Mungkin sebagian orang merasa dirinya memiliki keindahan jasmani, berasal dari keturunan ningrat, dan memiliki kekayaan berlimpah- Seringkali menganggap dirinya lebih baik dari orang-orang yang berada di sekitarnya. Terkadang ia bersikap sombong terhadap orang lain dan enggan untuk bergaul dan berkomunikasi dengan mereka.
Padahal dihadapan Allah kita semua sama, yang membedakan kita dengan orang lain adalah sejauhmana ketakwaan kita kepada Allah. Sebagaimana yang terdapat dalam firmannya bahwa orang yang paling mulia disisi-Nya adalah orang yang paling bertakwa. Sebagai contoh Iblis merasa dirinya lebih mulia dari Adam karena terbuat dari api, sedangkan Adam terbuat dari tanah. Kesombongan akan asal dirinya membuat iblis membangkang perintah Allah untuk sujud/hormat kepada Adam.  

d. Keindahan Jasmani.
Sebagian orang bangga dengan dirinya sendiri. Padahal seharusnya kita tahu bahwa semua nikmat yang kita dapat berasal dari Allah. Jika kita memperoleh keberhasilan atau pujian dari orang lain, janganlah menyombongkan diri. Sebaliknya ucapkanlah “Alhamdulillah” karena segala puji itu hanya untuk Allah.

e. Harta.  
Harta bisa menjadikan diri kita merasa bangga yang berlebihan terhadap diri sendiri. Harta juga yang membuat kita pamer kepada orang lain, khususnya kepada orang yang tidak sekaya kita, apalagi terhadap orang-orang miskin. Qorun merasa bahwa harta kekayaannya adalah hasil usahanya sendiri. Pada hakekatnya semua kelebihan yang kita miliki adalah karunia dari Allah. Ini adalah ujian apakah kita bisa memanfaatkan kelebihan itu untuk kebaikan dan mensyukurinya atau malah menjadi kufur atas karunia Allah. Qarun adalah salah satu contoh orang yang diberi karunia kemudian menjadi kufur karena menganggap bahwa kekayaan yang ia miliki adalah hasil usahanya sendiri.

f. Kekuatan.
Orang-orang yang merasa dirinya kuat bersikap sombong terhadap orang yang lemah. Sebagai contoh Raja Namrud yang hidup pada zaman nabi Ibrahim.  Raja Namrud menganggap dirinya Tuhan karena memiliki kekayaan dan kekuatan yang hebat. Tetapi Raja Namrud tidak bisa berbuat apa-apa ketika Ibrahim meminta Matahari diterbitkan dari Barat.

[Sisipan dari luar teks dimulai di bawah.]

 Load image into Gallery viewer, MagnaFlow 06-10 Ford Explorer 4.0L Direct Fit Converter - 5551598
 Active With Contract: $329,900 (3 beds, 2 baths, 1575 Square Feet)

Raja Namrud mati lantaran telinganya kemasukan serangga, binatang yang kecil dan sepele. Oleh karena itulah Allah mengingatkan kita dalam firmannya, “Janganlah kamu berjalan di muka bumi ini dengan sombong, karena sesungguhnya kamu sekali-kali tidak dapat menembus bumi dan sekali-kali kamu tidak akan sampai setinggi gunung.” (Al-Israa’ [17] : 37)   

g. Kesombongan karena memiliki banyak pengikut, pendukung, keluarga, dan kerabat.

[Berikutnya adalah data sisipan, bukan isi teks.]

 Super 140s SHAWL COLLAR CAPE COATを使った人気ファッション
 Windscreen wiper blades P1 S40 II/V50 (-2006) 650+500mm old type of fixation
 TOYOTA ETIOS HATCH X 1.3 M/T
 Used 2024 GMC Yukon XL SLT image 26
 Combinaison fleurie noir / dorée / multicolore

Terkadang kedudukan tinggi, kekuatan, dan kemuliaan- memungkinkan seseorang untuk berlaku sombong dan takabur. Sebut saja Fir’aun yang kisahnya diabadikan dalam al-Qur’an. Fir’aun yang semula adalah manusia biasa tetapi karena kedudukan yang perolehnya memproklamirkan dirinya sebagai Tuhan Alam Semesta. Tetapi faktanya Fir’aun adalah manusia biasa yang akhirnya tenggelam di laut merah.

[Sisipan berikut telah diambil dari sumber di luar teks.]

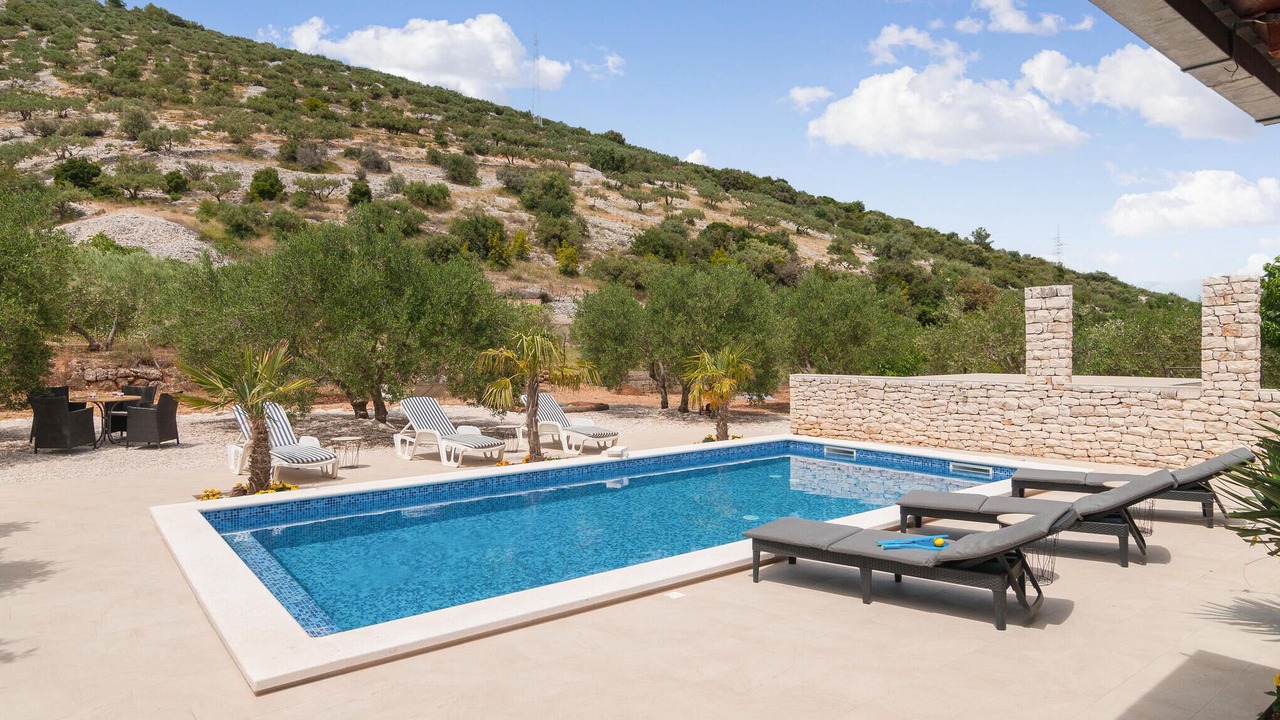Photo of Outdoor in Dol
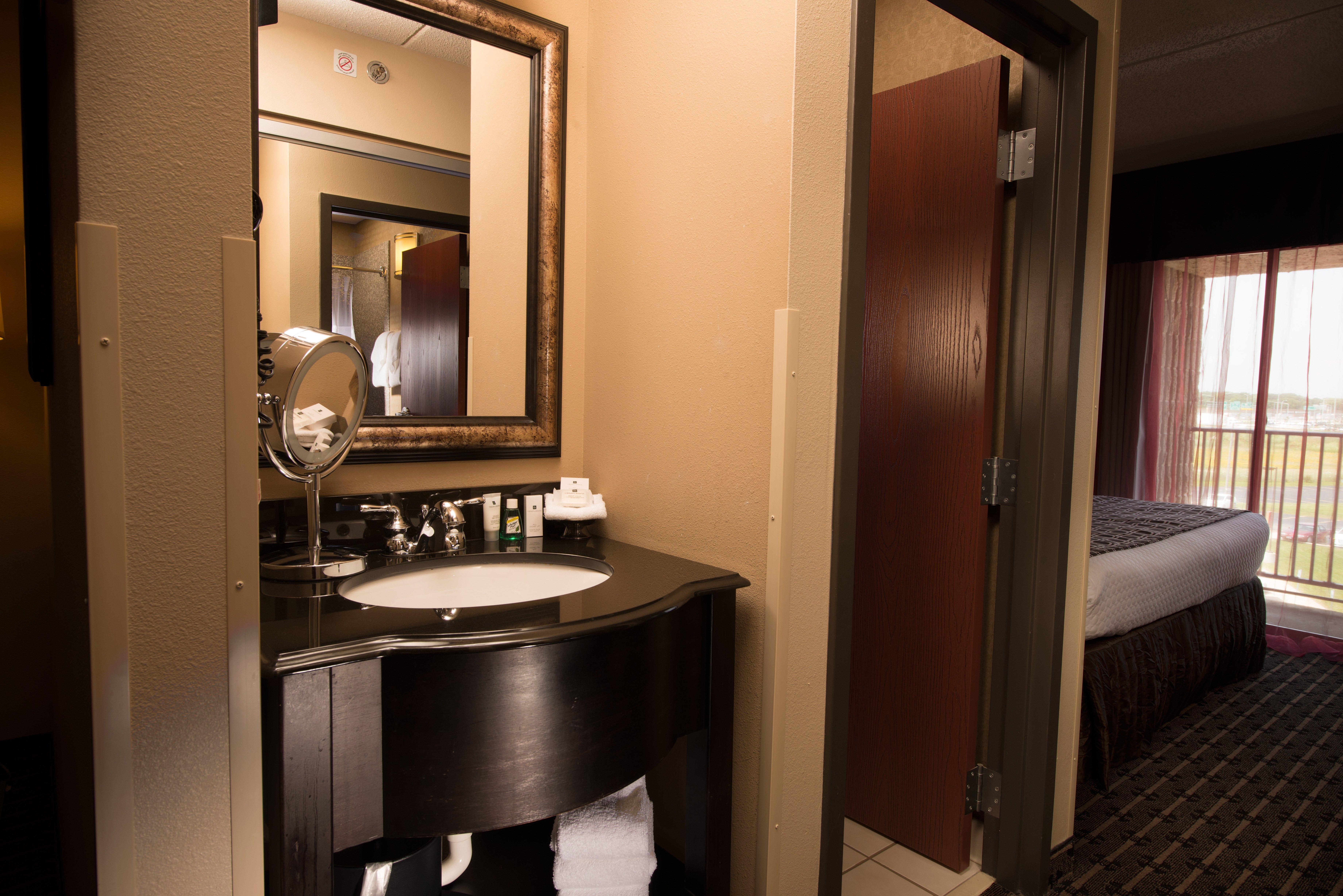 ホテル Crowne Plaza Milwaukee South By Ihg エクステリア 写真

Oleh karena itulah, Allah melarang kita untuk berlaku  sombong: Allah mengingatkan kita, “Janganlah kamu memalingkan mukamu dari manusia karena sombong dan janganlah kamu berjalan di muka bumi dengan angkuh. Sesungguhnya Allah tidak menyukai orang-orang yang sombong lagi membanggakan diri.” (QS, Luqman [31]:18), Ketika malaikat maut menjemput tak ada yang bisa menghalanginya untuk mencabut nyawa kita. Kekuasaan, harta, sanak kerabat, dan pengikut setia tak akan bisa berbuat apa-apa. Kecerdasan dan ketrampilan kita di dunia pun tak akan ada gunanya. Jadi sikap sombong adalah sesuatu yang tidak perlu.